■ **Collected material**
——

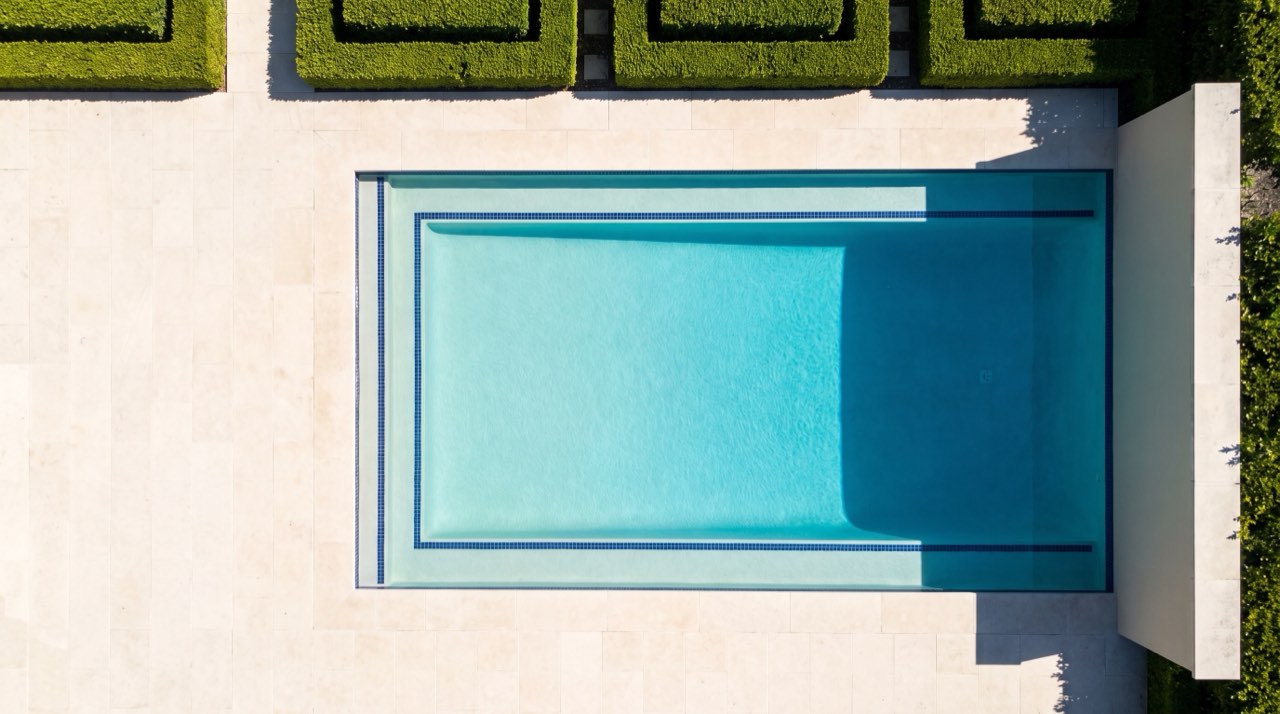 Clean geometry, pool builders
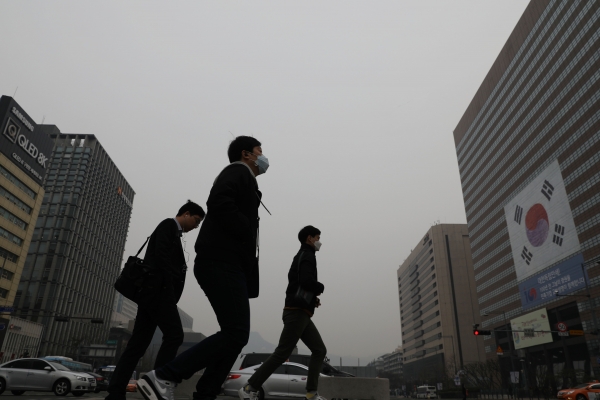 ▲서울에 초미세먼지주의보가 발령된 20일 오전 서울 종로구 광화문 네거리에서 시민들이 미세먼지 마스크를 쓰고 출근길에 나서는 모습
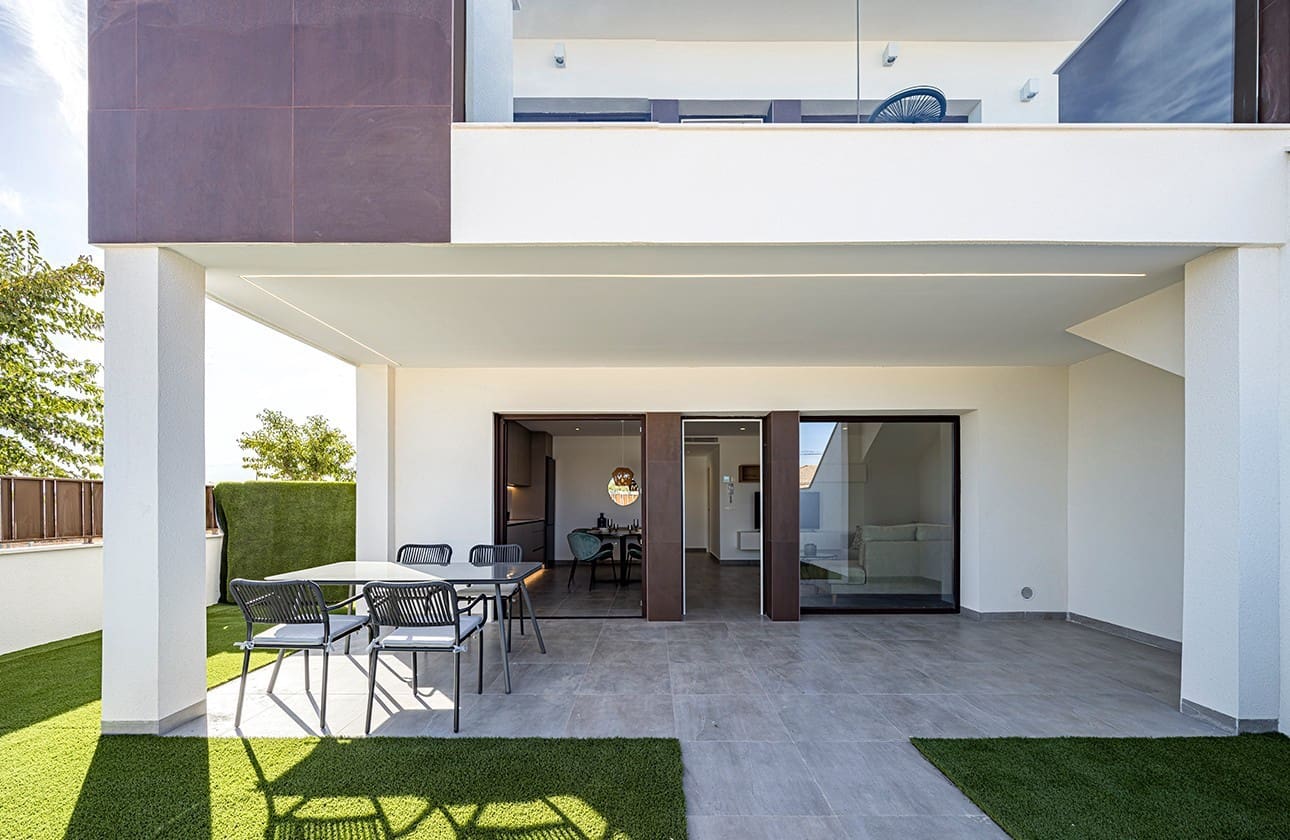 2 soverom Leilighet til salgs i Pilar de la Horadada med svømmebasseng garasje - € 252 900 (Ref: 7841807)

——

■ **What the exercise asks**
The entire listing is to be printed exactly, with each picture omitted.

■ **Result of the task**
 Clean geometry, pool builders
 ▲서울에 초미세먼지주의보가 발령된 20일 오전 서울 종로구 광화문 네거리에서 시민들이 미세먼지 마스크를 쓰고 출근길에 나서는 모습
 2 soverom Leilighet til salgs i Pilar de la Horadada med svømmebasseng garasje - € 252 900 (Ref: 7841807)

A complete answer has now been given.